Jan Bessai

Jan Bessai, Moritz Roidl, Anna Vasileva

One of the ultimate goals of software engineering is to leave virtual spaces and move real things. We take one step toward supporting users with this goal by connecting a type-based synthesis algorithm, (CL)S, and its IDE to a logistics lab environment. The environment is built and used by domain experts, who have little or no training in formal methods, and need to cope with large spaces of software, hardware and problem specific solution variability. It consists of a number of Cyber-Physical Systems (CPS), including wheel-driven robots as well as flying drones, and it has laser-based support to visualize their possible movements. Our work describes results on an experiment integrating the latter with (CL)S. Possibilities and challenges of working in the domain of logistics and in cooperation with its experts are outlined. Future research plans are presented and an invitation is made to join the effort of building better, formally understood, development tools for CPS-enabled industrial environments.

Jan Bessai, Anna Vasileva

Usability is crucial for the adoption of software development technologies. This is especially true in development stages, where build processes fail, because software is not yet complete or was incompletely modified. We present early work that aims to improve usability of the Combinatory Logic Synthesizer (CL)S framework, especially in these stages. (CL)S is a publicly available type-based development tool for the automatic composition of software components from a user-specified repository. It provides an implementation of a type inhabitation algorithm for Combinatory Logic with intersection types, which is fully integrated into the Scala programming language. Here, we specifically focus on building a web-based IDE to make potentially incomplete or erroneous input specifications for and decisions of the algorithm understandable for non-experts. A main aspect of this is providing graphical representations illustrating the step-wise search process of the algorithm. We also provide a detailed discussion of possible future work to further improve the understandability of these representations.

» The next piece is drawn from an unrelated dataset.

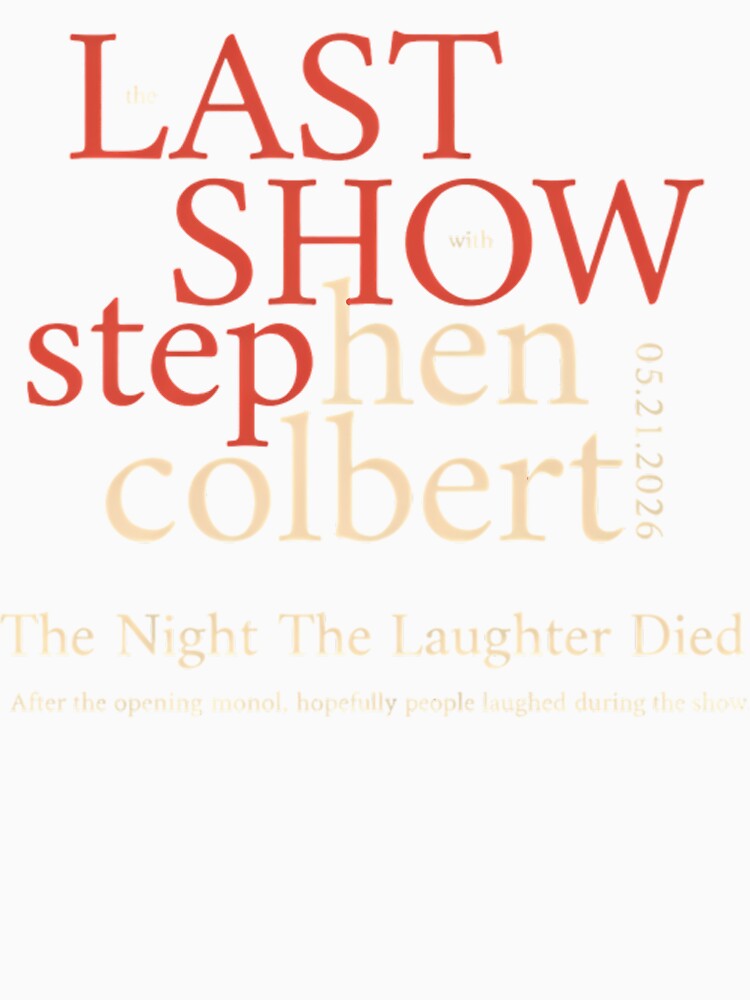 The Last Show With Stephen Colbert 2026 by TomatiLove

Jan Bessai, Boris Düdder, Andrej Dudenhefner et al.

We study an assignment system of intersection types for a lambda-calculus with records and a record-merge operator, where types are preserved both under subject reduction and expansion. The calculus is expressive enough to naturally represent mixins as functions over recursively defined classes, whose fixed points, the objects, are recursive records. In spite of the double recursion that is involved in their definition, classes and mixins can be meaningfully typed without resorting to neither recursive nor F-bounded polymorphic types. We then adapt mixin construct and composition to Java and C#, relying solely on existing features in such a way that the resulting code remains typable in the respective type systems. We exhibit some example code, and study its typings in the intersection type system via interpretation into the lambda-calculus with records we have proposed.